About this task => Print only the lines below from the one with "Wine & BBQ Trail" to the one with "Star Trek: Deep", both included, exactly as they stand. Leave pictures out.

Data for review =>
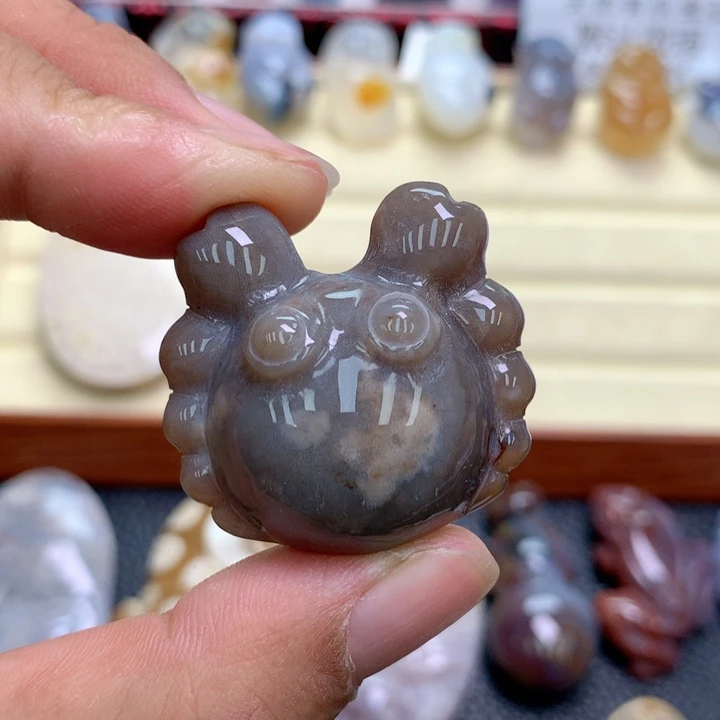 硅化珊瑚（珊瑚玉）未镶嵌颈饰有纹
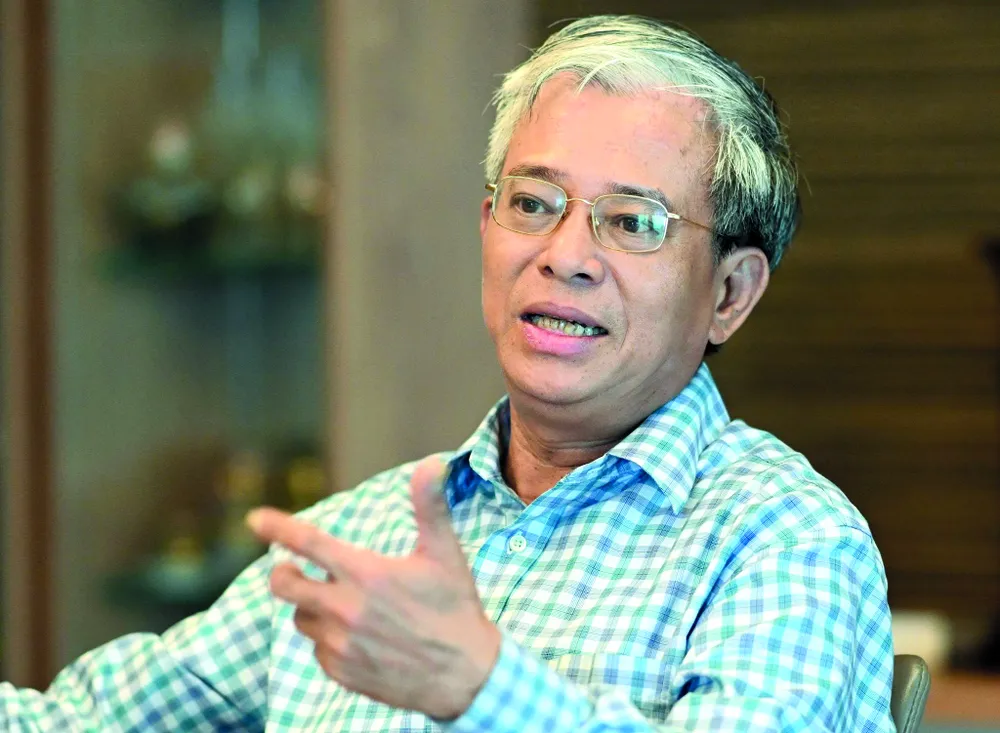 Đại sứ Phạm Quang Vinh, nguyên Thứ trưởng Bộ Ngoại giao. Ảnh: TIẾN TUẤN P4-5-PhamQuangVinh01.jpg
---
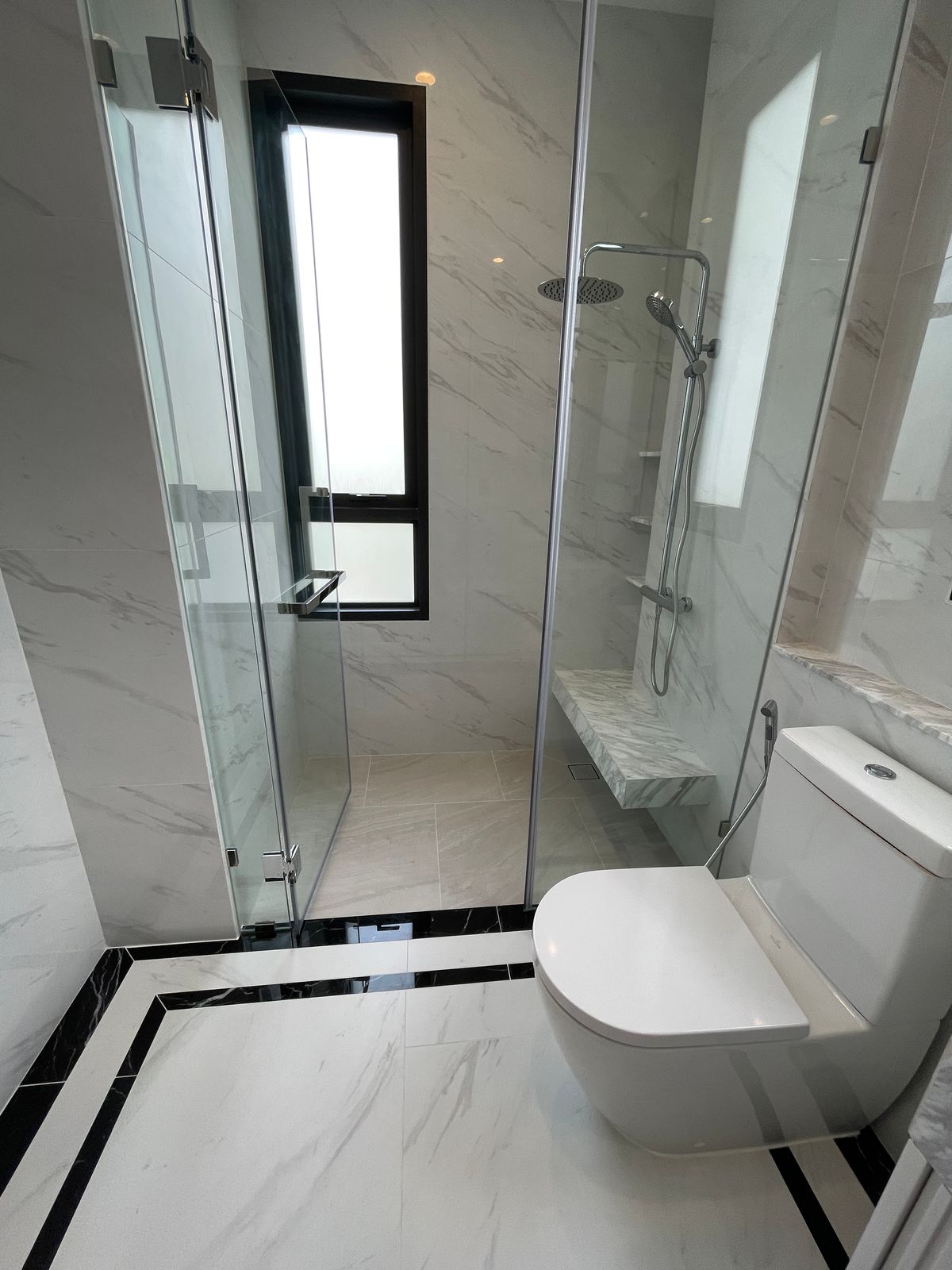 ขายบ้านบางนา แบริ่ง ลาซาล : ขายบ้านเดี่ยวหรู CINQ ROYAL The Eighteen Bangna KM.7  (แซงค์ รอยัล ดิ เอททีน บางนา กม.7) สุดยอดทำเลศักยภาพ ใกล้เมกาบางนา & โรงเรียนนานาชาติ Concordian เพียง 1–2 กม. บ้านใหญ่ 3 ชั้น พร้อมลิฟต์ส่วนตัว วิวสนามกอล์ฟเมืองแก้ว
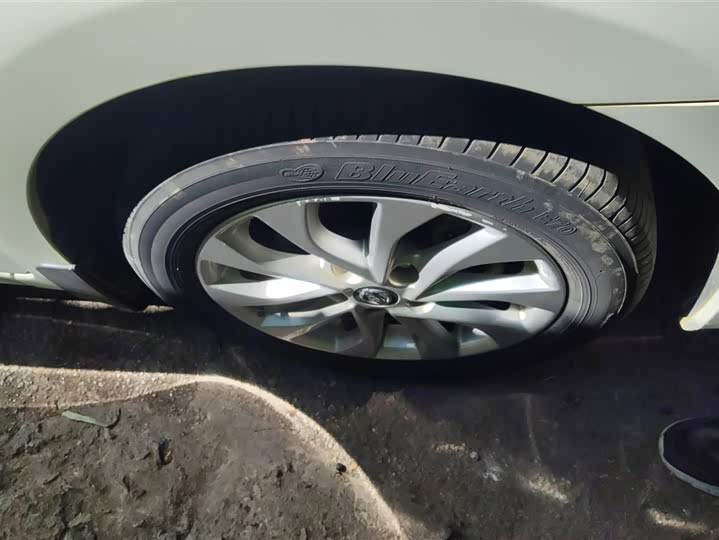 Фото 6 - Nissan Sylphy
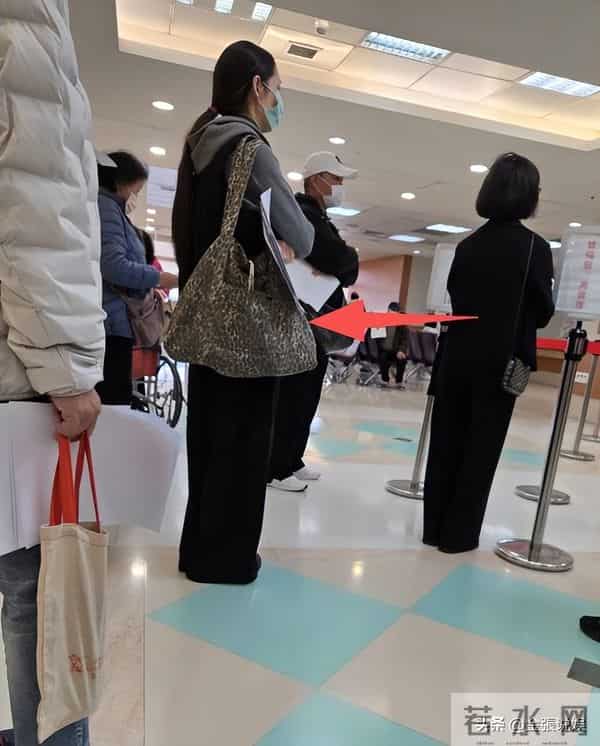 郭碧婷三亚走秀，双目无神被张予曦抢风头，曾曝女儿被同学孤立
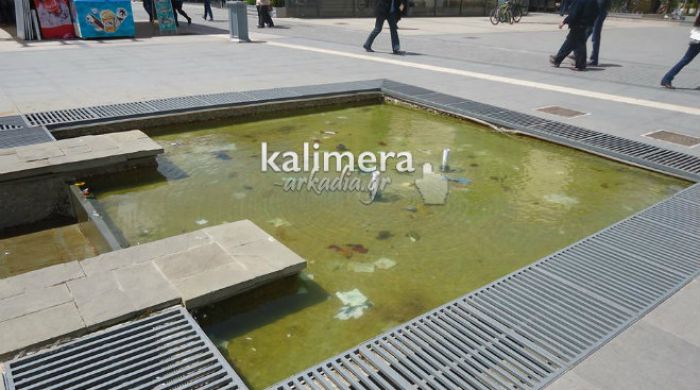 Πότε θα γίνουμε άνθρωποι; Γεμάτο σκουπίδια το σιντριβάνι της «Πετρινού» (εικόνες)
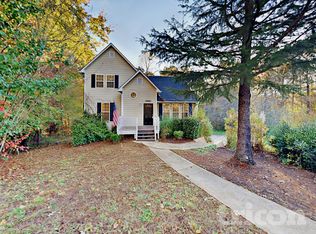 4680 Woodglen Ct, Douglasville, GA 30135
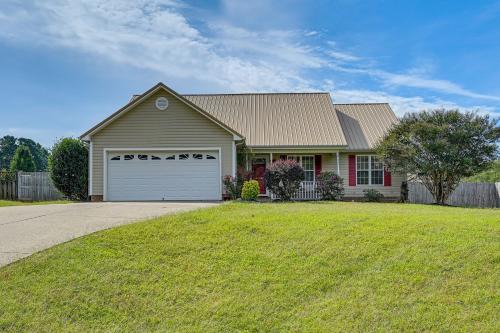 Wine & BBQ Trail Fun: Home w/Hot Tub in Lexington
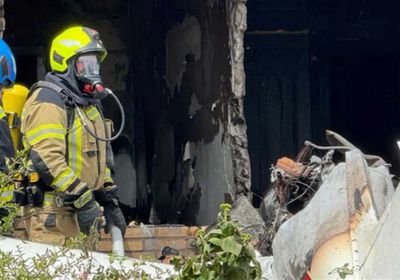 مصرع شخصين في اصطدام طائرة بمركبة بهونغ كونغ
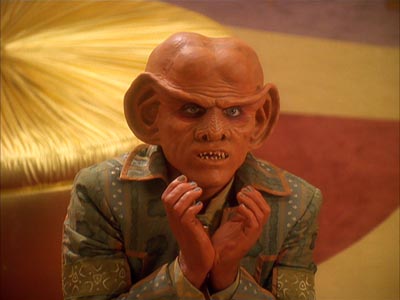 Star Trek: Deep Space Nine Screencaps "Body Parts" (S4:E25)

Solution for this problem =>
 Wine & BBQ Trail Fun: Home w/Hot Tub in Lexington
 مصرع شخصين في اصطدام طائرة بمركبة بهونغ كونغ
 Star Trek: Deep Space Nine Screencaps "Body Parts" (S4:E25)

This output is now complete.